Auth Guard
AuthGuard is the route-level companion to the package traits and NetPress authorization helpers. It produces Express 5 middleware that short-circuits requests with a 401 when the user is not authenticated or a 403 when they fail the authorization check.
This package AuthGuard is authorization middleware, not the Laravel auth manager itself. Laravel-style named authentication guards now live in NetPress core under Auth from @admicaa/netpress; AuthGuard simply authenticates through that core layer first, then performs policy, role, or permission checks.
Importing
import { AuthGuard } from '@admicaa/netpress-permissions';
Each method returns a fresh middleware function — safe to reuse across routes or mount per-route.
Require Authentication
router.get('/dashboard', AuthGuard.authenticated(), dashboardController.index);
Throws HttpException(401, 'Unauthenticated') if req.user is absent.
Require An Ability
router.post('/posts', AuthGuard.can('posts.create'), postsController.store);
router.patch('/posts/:id', AuthGuard.can('update', 'id'), postsController.update);
The second argument can be:
- a string — treated as the name of a param on
req.paramsto pass as the resource - a function — called with
reqand returns any value (typically a model) null— no resource is passed to the authorization helper
Every can check runs through core can(user, ability, resource), so registered policies are consulted first and permission-aware models fall back through hasPermissionTo().

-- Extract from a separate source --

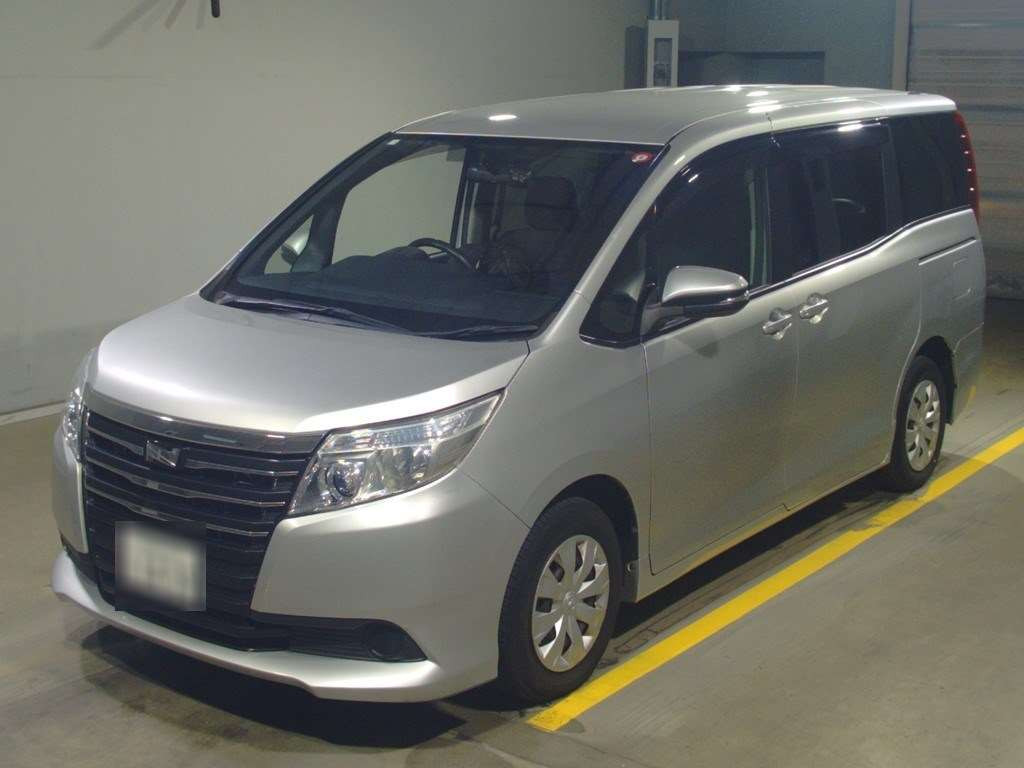 2014 Toyota Noah ZRR80G[0]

Require Any / All Abilities
AuthGuard.canAny(['posts.publish', 'posts.archive']);
AuthGuard.canAll(['billing.read', 'billing.write']);
canAny allows the request when at least one ability passes. canAll demands every listed ability.
Role Checks
AuthGuard.role('editor', 'admin'); // any of the listed roles
AuthGuard.roles('editor', 'reviewer'); // must have ALL of the listed roles
Both helpers read from the user's getRoleNames() (or roles()) to stay consistent with the HasRoles trait.
Permission Checks
AuthGuard.permission('posts.publish', 'posts.archive');
AuthGuard.permissions('billing.read', 'billing.write');
These read the user's stored permission graph directly. Use can() when you want policy-aware ability checks, and permission() / permissions() when you want explicit permission-name checks.
Guest Only Routes
router.get('/login', AuthGuard.guest(), loginController.show);
Returns 403 if req.user is present.
Custom Resource Resolution
router.patch('/posts/:id', AuthGuard.can('update', async (req) => {
return Post.find(req.params.id);
}), postsController.update);
The resolver runs per-request. Combine it with an async cache or request memoization if you need the model for both the guard and the controller.
Error Handling
AuthGuard throws HttpException from @admicaa/netpress. The framework's default error handler maps the status to the response code. If you use a custom error handler, make sure it respects exception.status.
Stacking Middleware
router.use('/admin', AuthGuard.authenticated(), AuthGuard.role('admin'));
Stacks behave like regular Express middleware: the first one that rejects wins. Put the cheapest check (authentication) first.